Activity: Exactly the lines from the one with "Front brake caliper – front left" through the end of the records below are needed, minus any pictures.

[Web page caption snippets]
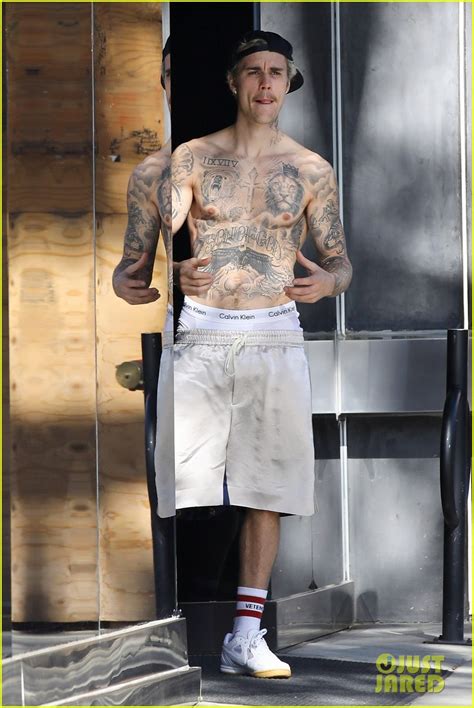 Photo Shirtless Justin Bieber Shows Off Muscles During Workout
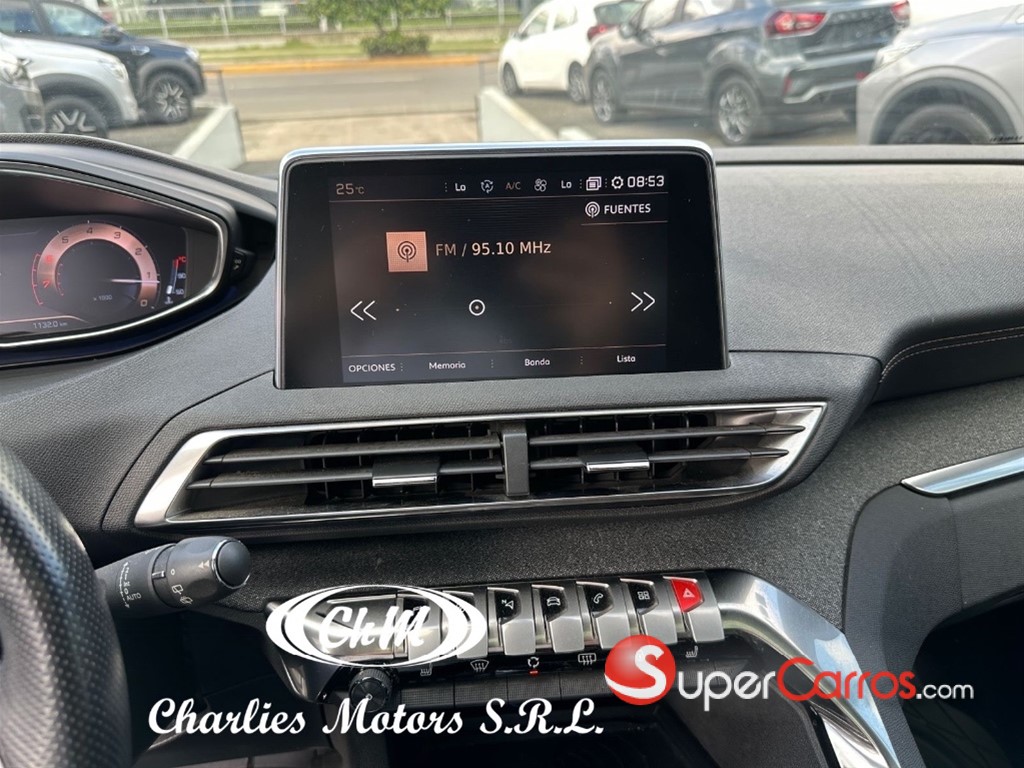 2021 Peugeot 5008 GT Line — foto 9 / 10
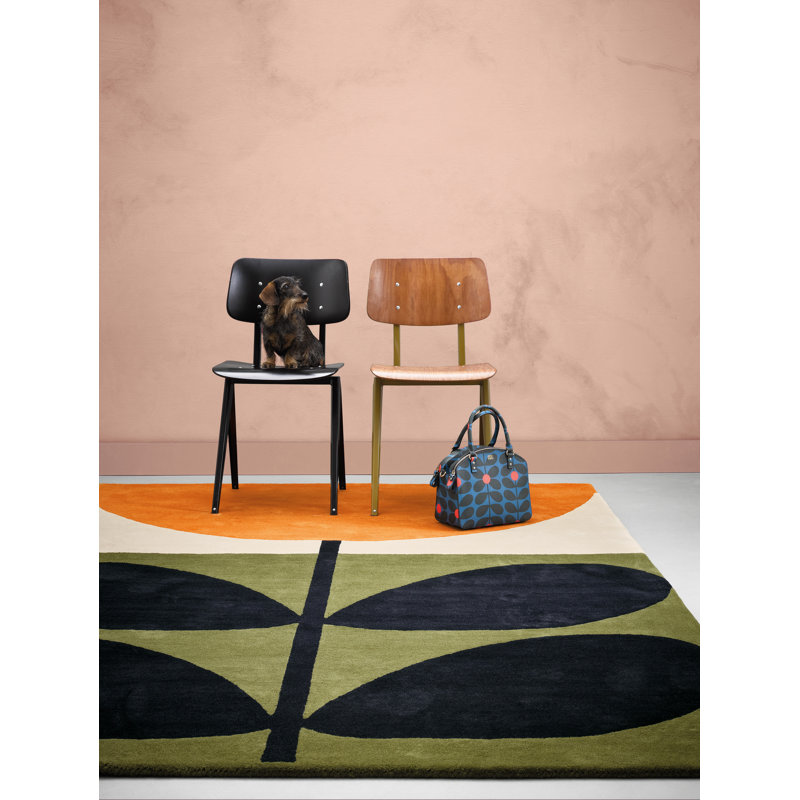 Hand Tufted Wool Floral Area Rug in Black/Green/Orange, Rectangle 5'3" x 7'6"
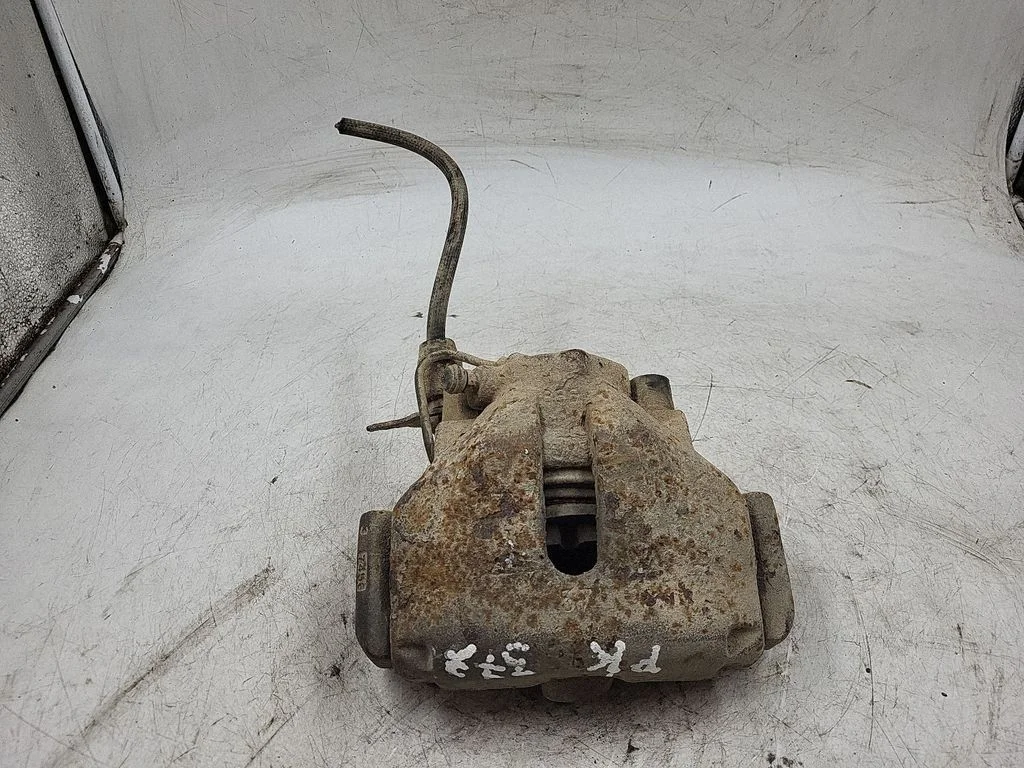 Front brake caliper – front left
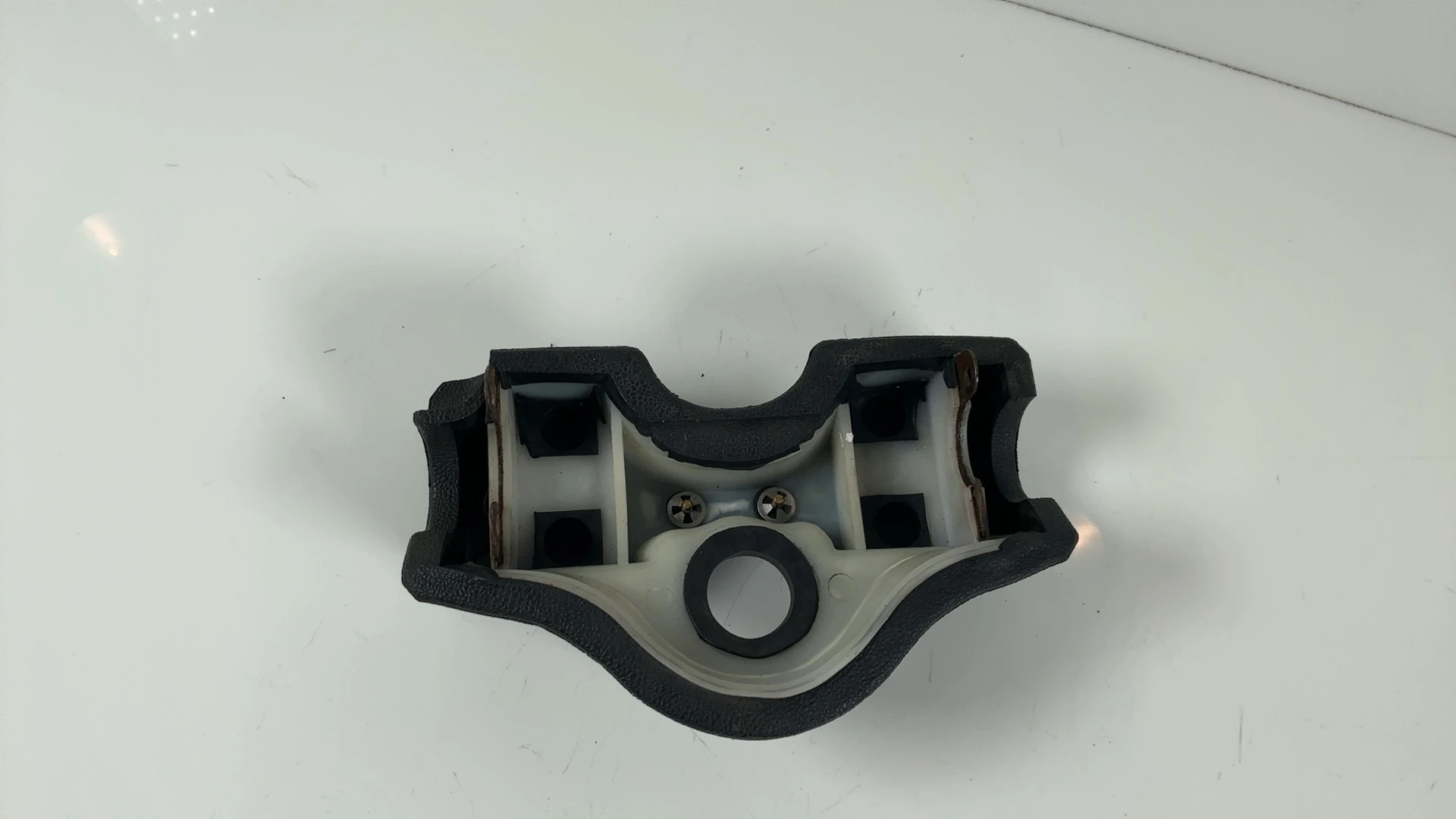 Suzuki GS850G GS850 850cc Handlebar Trim Cover Pad 1980 1981 OEM 56170-45100 - Image 4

Completed exercise:
 Front brake caliper – front left
 Suzuki GS850G GS850 850cc Handlebar Trim Cover Pad 1980 1981 OEM 56170-45100 - Image 4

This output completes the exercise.